Many of us will never make 28,000 calls in our entire lives. This, however, was not the case for Teruo Nozaki, the convenience store worker in Tokyo who managed to make that many to 110, the police emergency number in Japan. Even more impressive is that he was able to make this astounding number of calls in only 18 months. On his busiest days, he would place over 1000 phone calls and hang up every time someone picked up on the other end.
This almost apocryphal number of calls underscores the fact that there was something profoundly pathological motivating each call. After all, the 911 prank call is almost an American rite of passage for any 9 year-old kid. It all begins with the need to know “What actually happens when people dial 911?” and sometimes ends with an officer showing up at your house and explaining the sanctity of the emergency line—an ultimately meaningless experience were it not for the gun strapped to his waist. 28,000 calls is not a prank, but an act of aggression toward the police. It’s like laying siege to a police department with one’s insanity, or like water torture via electronics.

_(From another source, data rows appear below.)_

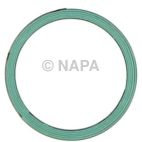 Exhaust Pipe Flange Gasket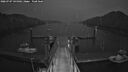 ./images/calvert/dock/20260707/dock20260707_045001M.jpg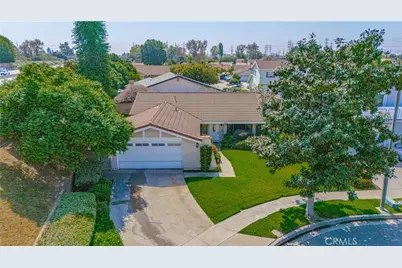 11132 Candor, Cerritos, CA 90703 - Photo 26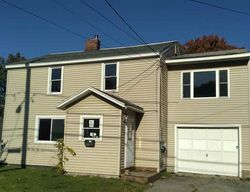 Woodbury Rd, Burlington - VT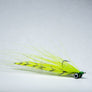 Clouser Variant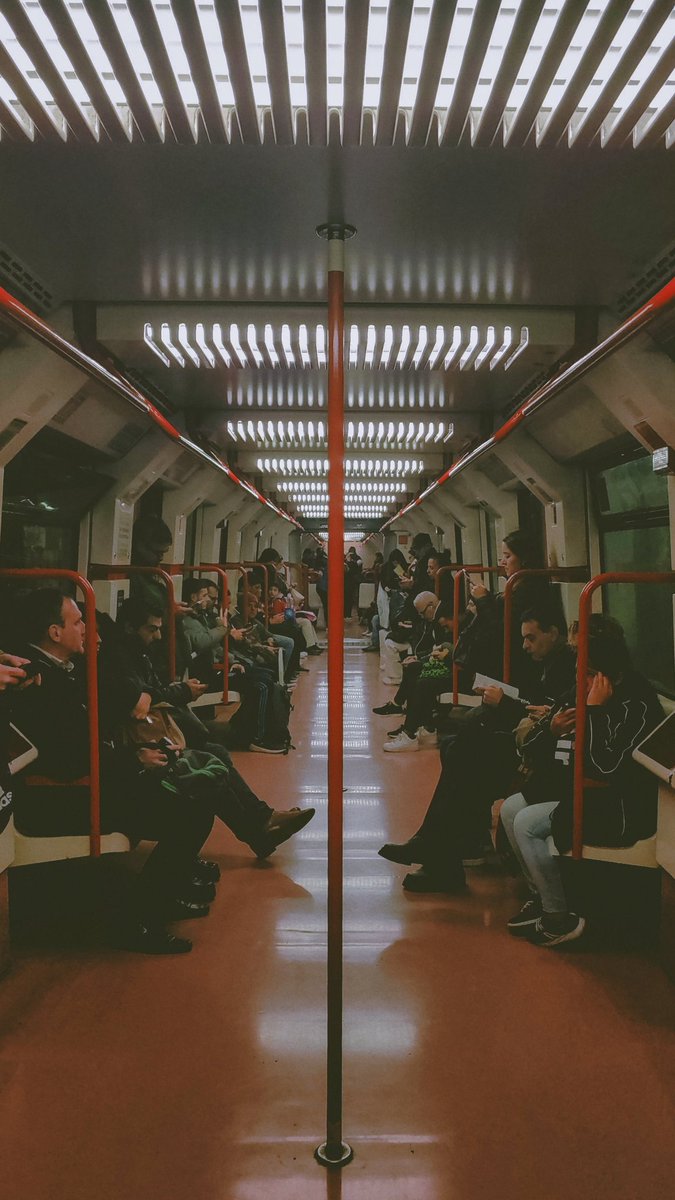 Matías De Caro tweet media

And so, although he was finally arrested, Teruo Nozaki used his compulsion to conduct a sort of backwards social experiment: now we know that it takes tens of thousands of prank calls before the Tokyo police is finally compelled to make an arrest. Other pranksters have been reined in much sooner, albeit for notably more serious abuses. Darius McCollum, the New York resident who has wanted to be a train conductor so badly that he actually commandeered a few, was arrested 29 times before being sent to Rikers island. Every police force has its limits, and a few citizens willing to test them. The only question is: how outlandishly can the law be pushed until the perpetrator makes international news.